We lived in houses with a Karen family. This was rewarding, since we really saw how they lived their daily routine and how they interacted with one-another, and in the end we realised that their lives were very similar to ours, even if this did not initially appear to be the case. They were so interested in us and how we interacted with one another, and we often realised that we had an audience whilst we were going about our daily activities. However, over time the interaction between us grew frustrating since the language barrier prevented us discussing how our lives differed. We could never convey to them how grateful we were to them for making us so welcome, and for looking after us so well. I took a photograph of my family, which became hugely valuable because the villagers could directly relate to the family roles, and compare my family to their own.

It was often through gestures when we could best communicate with the Karen. However those gestures we thought universal, such as a thumbs up, were not understood. Even a ‘come here’ hand wave caused problems, when we thought they were telling us to go the other way. The only gesture that really worked between the
two cultures was a smile – and once we realised this we all went around with huge grins on our faces.

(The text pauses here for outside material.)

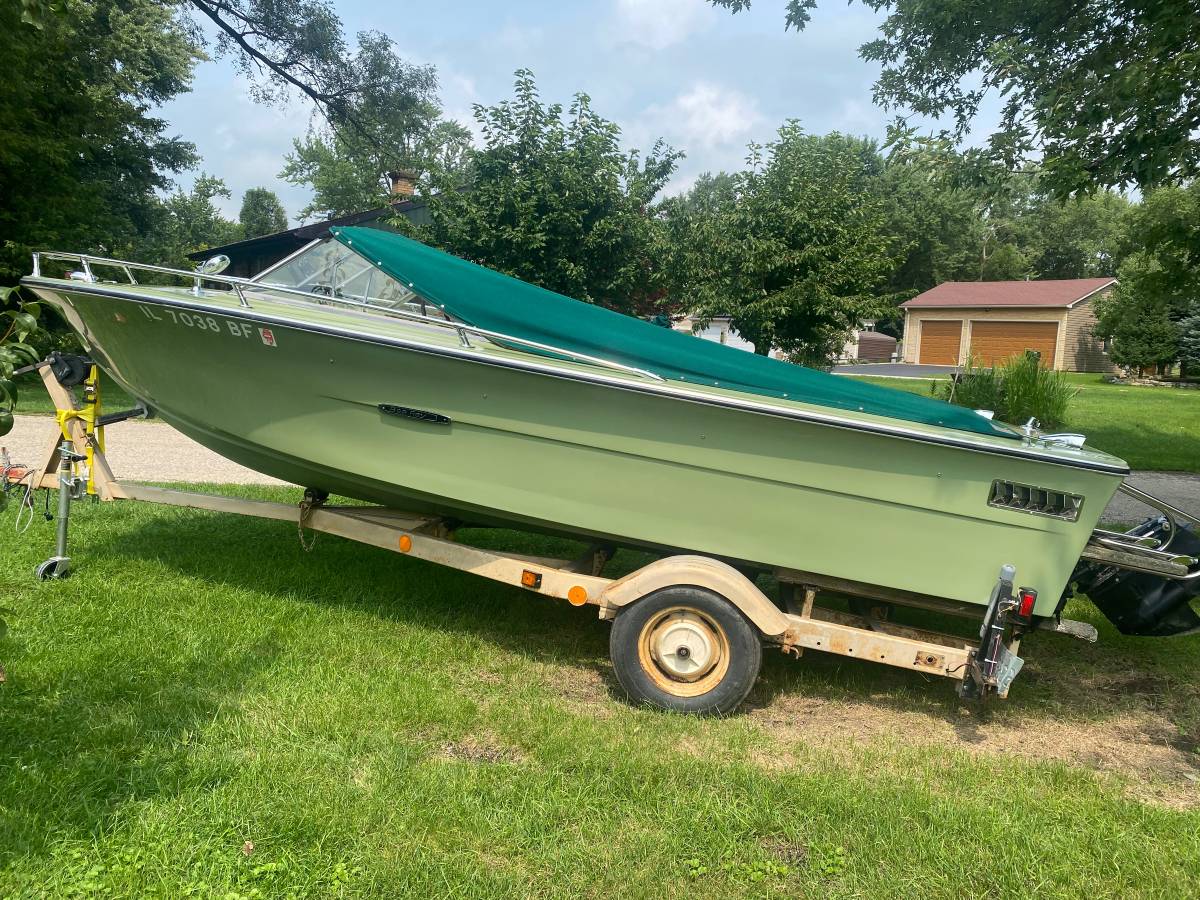Sea Ray, dovoz USA — foto 7 z 12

The men and women in the village clearly had different roles. The men were in charge, and did a lot of the hard labour. The women worked hard for the village out in the rice fields, but also brought up the children. This clear segregation between sexes was the most obvious difference between Karen and western culture. As a consequence, the way the men and women acted towards us varied a great deal. I had previously though that the women of my age would be easiest to relate to, but they were very withdrawn and tentative with us, socialising with each other in private. In contrast, the men in the village were very open with us, and interacted with the western boys through games of football. There were clear barriers to the Karen women joining in with this, since men and women culturally did not socialise unless  married. In fact, when one of the western girls from our team joined the football game, this was a spectacle for the villagers.

I found this segregation difficult to deal with, since it did not appear that the women had many options available to them. I was told by one Karen man that at the age of 22, ‘my truck was gone’, meaning no-one would want to marry someone as old as 22 – in the Karen culture I would be considered an old maid! However, things are changing, and many young people in the current generation have chosen not yet to marry and left the village for a work or a university education. For those who chose not to leave, it was clear that they fully embraced their role in village life. Family was at the core of this community, and the woman’s role was highly respected by the men. From living closely with a family, it became clear that she was running the
show, whatever appearances may have suggested!

On the final night in the village, a huge party was thrown to celebrate the successful end of the project. The Karen women had woven each of us a bag which was presented to us ceremonially. In exchange, we had brought some British party traditions with us, which went down wonderfully. We blew up balloons, and the
toddlers in the village spent the entire afternoon playing with them. I had some bubbles, and soon enough I had 20 children chasing the bubbles all through the village and coming back for more. We had face paints, which we demonstrated by painting ourselves – when we came out there was a queue of women holding up their babies for us to paint. Even a skipping rope caused one of the older Karen men to run down the track in excitement of joining in. The Karen women, who had been so difficult to engage with, were dragging us around wanting us to take photos of them, and the children wanted us to dance with them. This party was the first time we felt part of the village community, although sadly it signified that it was time to leave. This party made us realise how grateful the villagers were that we had visited.